Given data
——————————

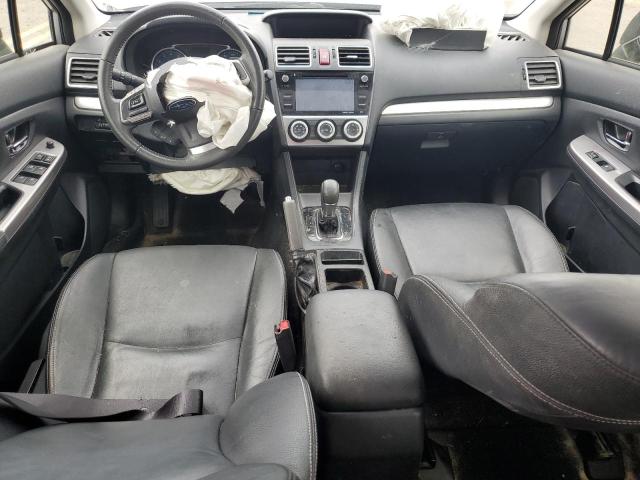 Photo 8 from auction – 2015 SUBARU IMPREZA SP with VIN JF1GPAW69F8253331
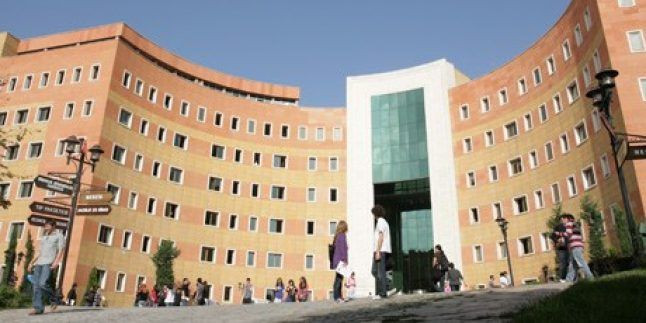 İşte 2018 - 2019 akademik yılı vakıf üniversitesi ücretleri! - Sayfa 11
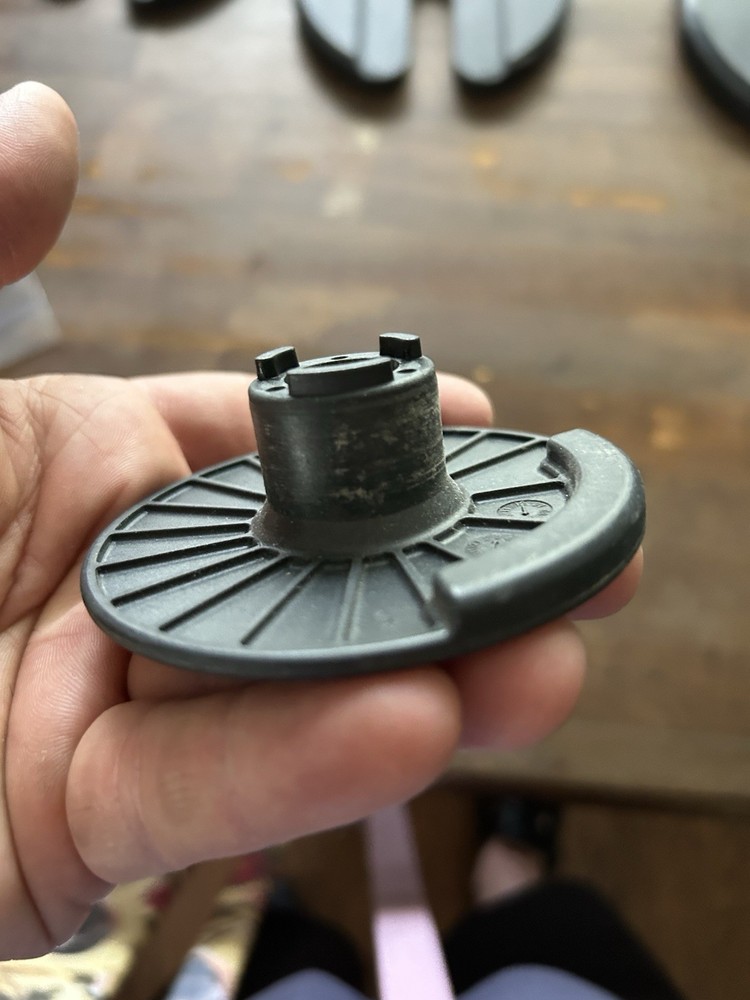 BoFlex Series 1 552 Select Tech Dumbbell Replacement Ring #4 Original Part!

——————————

Assignment
Repeat the material exactly and drop each image.

Result of the exercise
 Photo 8 from auction – 2015 SUBARU IMPREZA SP with VIN JF1GPAW69F8253331
 İşte 2018 - 2019 akademik yılı vakıf üniversitesi ücretleri! - Sayfa 11
 BoFlex Series 1 552 Select Tech Dumbbell Replacement Ring #4 Original Part!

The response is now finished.